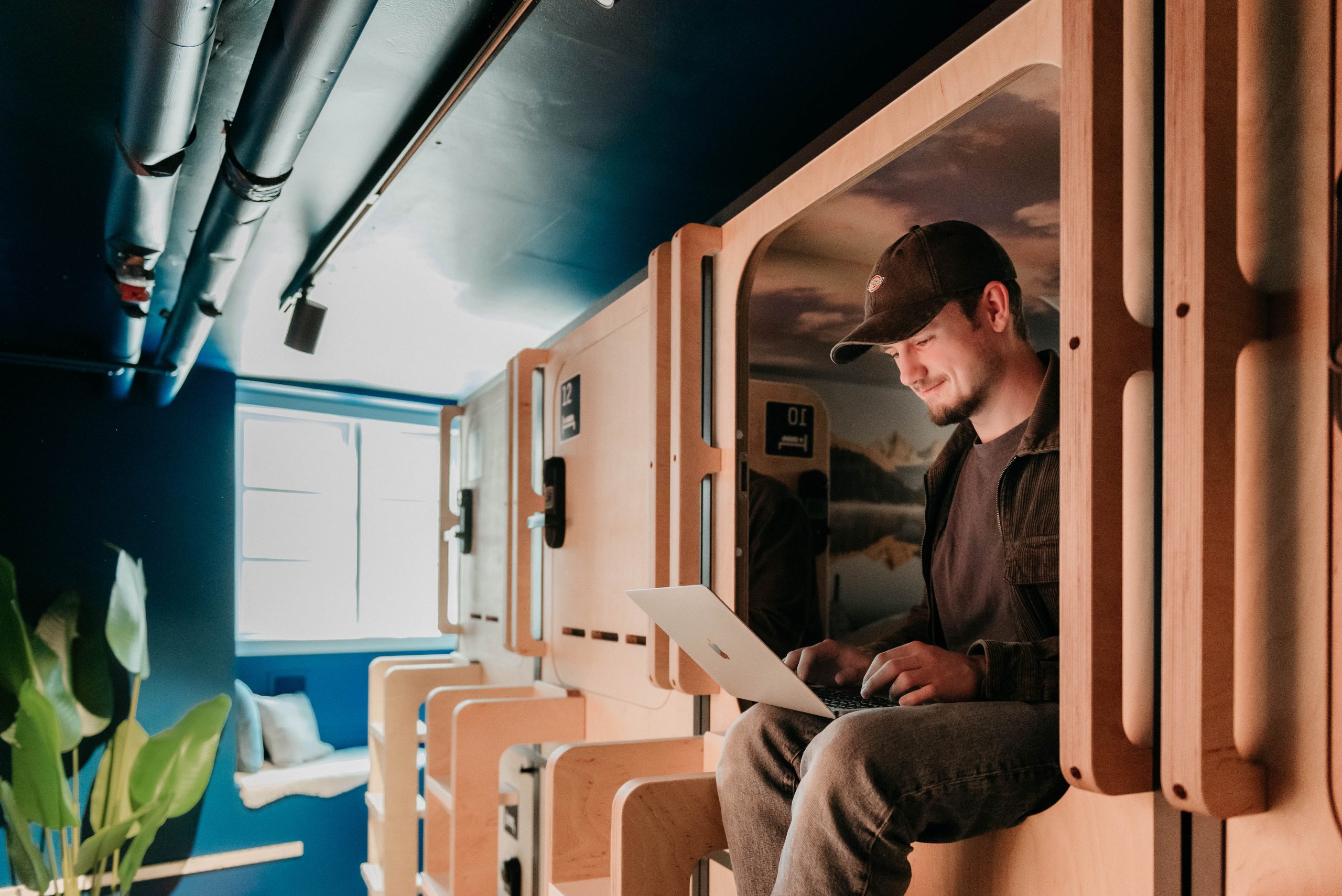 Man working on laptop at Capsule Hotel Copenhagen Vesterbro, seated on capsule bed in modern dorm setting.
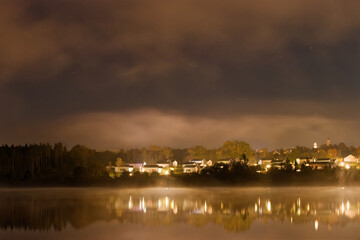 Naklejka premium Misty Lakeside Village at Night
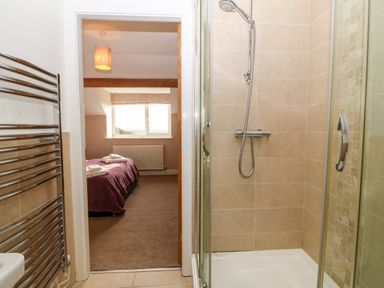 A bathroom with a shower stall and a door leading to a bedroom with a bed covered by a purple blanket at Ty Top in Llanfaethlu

### YOUR INSTRUCTIONS
Take the line containing "Naklejka premium Misty" through the last line of the material and retype exactly those lines, both ends included, with no pictures.

### SOLUTION FOR THIS PROBLEM
 Naklejka premium Misty Lakeside Village at Night
 A bathroom with a shower stall and a door leading to a bedroom with a bed covered by a purple blanket at Ty Top in Llanfaethlu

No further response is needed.